子供と遊ばない日

たまには、子供と離れて時を過ごす日も欲しい。
独りになりたいときもある(笑。
こんなに長期間、子供と一緒に過ごすことも珍しいし、そうはないことだ。
ふたりは、わたしの目を逃れるとエンドレスでパソコンゲームに走る。
今日はもう、良いことにする。
映画は観てみた。
が、映画のせいではなく感動が薄い。
こちらが感覚的に疲弊している。
感性がダウンしているようだ。
再度、見直さないと感想にもなりそうにない。
そんな感じだ。
観たものは、「グラビティ 繰り返される宇宙」と「万引き家族」
これを立て続けに観て、消化できるはずもない(爆。
思考停止寸前で混乱もしているため、明日以降にまとめてから書くために少しだけ整理しておきたいのだが、、、
出来そうもない。
取り敢えず、気になる事だけでも挙げておきたい。
「グラビティ 繰り返される宇宙」
VFXが良い。
とてもこじんまりした範囲の深宇宙の光景。
強大な重力場の近傍での出来事。
時間が遅延することは分かる。

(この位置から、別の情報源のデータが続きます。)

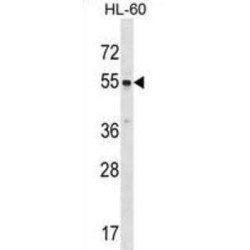 Tyrosine-Protein Kinase Srms (SRMS) Antibody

逆走する場合もあろう。時間のループと突然現れ過去の自分に追突する未来の自分、というところがインパクトはあるも、微妙。
無限ループの表現として巨大惑星の輪が全てその船から発せられた脱出ポッドで形成されている光景には瞠目。
良いSFというものは、世界が出来事の集まりであることを想い起こさせてくれる。
そうした感覚を目覚めさせてくれる。
その点で、この映画は好感の持てるものであった。
わたしは、時間を扱う映画では、時間を実体化していない脚本に期待する。
実際、熱力学関係の熱が絡む数式以外の物理の方程式からは、時間変数は消えている。
時間は無い、と言ってよい。
物の動きがランダムであることから不可逆性が不可避となりモノの移ろい~エントロピーの向きから類推により時間という測り~概念が身体化してしまったものか、、、。
その時間も分秒の計測などは生活環境には馴染まず、事象の起こる順番で身体的に感知するレベルである。
全体の基準となる線状的時間~絶対時間(ニュートン)など生活実感には元々そぐわなかった。
物事の軸に時間は無く、互いが互いの関係においてどう変化するかの相互作用があるのみである。
宇宙の局所、局所で多様な「時間」が生じる。人も固有時として存在し関係する。
その辺の感覚はある。
恐ろしい重力場において時間がほぼ止まっているのは、相対性理論による描写であろうが、その宇宙船の位置が気になる。
事象の地平面に取り込まれずにいられる場所なのか、、、ギリギリのエッジにあって時間の逆流と新たな時間系との激突を繰り返しているのか。
しかもそのループ現象が乗組員の行動の修正によって乗り越えられるという設定か、、、。
「万引き家族」も同様。
ギリギリの場所で奇妙な疑似家族形態を微妙に保つ。
勿論、揺らぎながら辛うじて形~枠を維持しているところがリアルで良い。
「万引き」~ちょいとした?ジャンプで繋がっているのだ。
これはアイデアの勝利に思える。
ゆりという連れてこられた少女は、まさに「ごっこ」のヨヨ子である。
ここでの子役も素晴らしい。
それぞれの存在の無軌道な揺らぎぶりがとても生々しさを覚えて心地よい。
よく比較されていた「パラサイト 半地下の家族」とは、趣きが違う。
ここにあの絢爛たるエンターテイメント性は見られない。その意味で実に地味で生~レアである。
ドキュメンタリーを観るような感覚で淡々と事象は起こる。
連続性と謂うよりちょっとした飛躍で進展して行く。
概ね子供にとって良い方に向いていると思っていたが、大事に育てていた祥太によってその危うい家族は解体する。
同じくネグレクト現場から連れてこられたユリは、元の親に還されたが、当然「柴田家」の方が愛情~愛着関係が篤い。
そちらに還りたがっているのは自然な欲求だ。幼少期の大事な経験が味わえない環境でひとは育たない。
だが、祥太はそこからの巣立ちが必要な段階だった。
意識の上でも彼は、「柴田家」を相対化してしまった。
そのきっかけは、近所のカモにしていた駄菓子屋の主人に現場を目撃され、妹には万引きはさせるなと、逆にお菓子を貰ったことだった。
恐らくこういった経験から子供は、ひとつこれまでの世界を包含する世界観を得るのだろう。
そうした運動が見て取れた。
これもまた静かで良い映画であった。
そのうちにまとめたい。
取り敢えず今日のところは、、、この辺で。